My heart is heavy as I read this Roseiro. The question why covers so many aspects doesn't it?

And no answers.

Thanks for continuing - even though it hurts.

menopausaloldbag (MOB) said...

There is a neigbour here who is getting so bad that he lurches up and down the street and can barely walk straight when he goes out to buy more booze from the village shop. So many people have tried to help him but he refuses that help and wants to drink himslef to death. Heartbreaking really. You tell your story with geat compassion.

Akelamalu said...

I have no conception of what it must have been like for you and Kay but I feel for you. x

Almost American said...

Selfish? NO, I don't think your expectations for retirement were at all selfish!

Stinking Billy said...

rosiero, don't despair entirely, your reports help me to keep a check on my own drinking and make sure that I have at least two nights a week off the whisky. Thanks.

Kit Courteney said...

I agree...NOT selfish thoughts at all.

I take my hat off to you and your daughter, I really do. I think you must both be very strong, courageous women.
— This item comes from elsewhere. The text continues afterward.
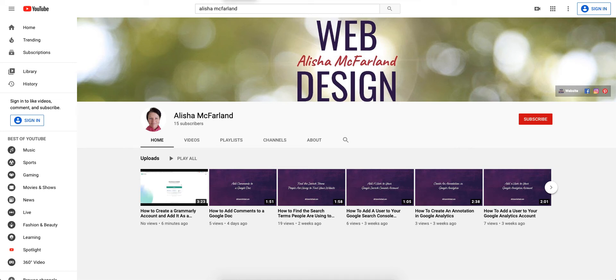Hi everyone, this is Alisha McFarland from AlishaMcFarland.com. In this video I'm going to show you how you can find the video transcripts in YouTube.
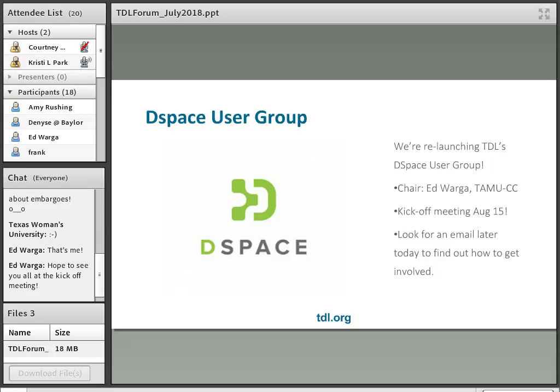We're going to have a kickoff meeting on August 15th — it will be a virtual meeting using BlueJeans, our web conferencing software. Be sure to mark your calendars. Leah will be sending out an email this afternoon with more details through the TDL announcements list, and we'll have more about this at the next TDL forum as well.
Millennium Housewife said...

That's not selfish at all, just a normal person's dream for the Autumn of their life. It's what I hope to have and many others too. Simple 'stopping to smell the roses' pleasures.I hope you can find some of them despite all this MH

Not Waving but Drowning said...

Roseiro, my heart really goes out to you. You must be an amazing woman to be so resilient.

I suspect that I know a little of how you must be feeling, but don't forget to look after yourself too.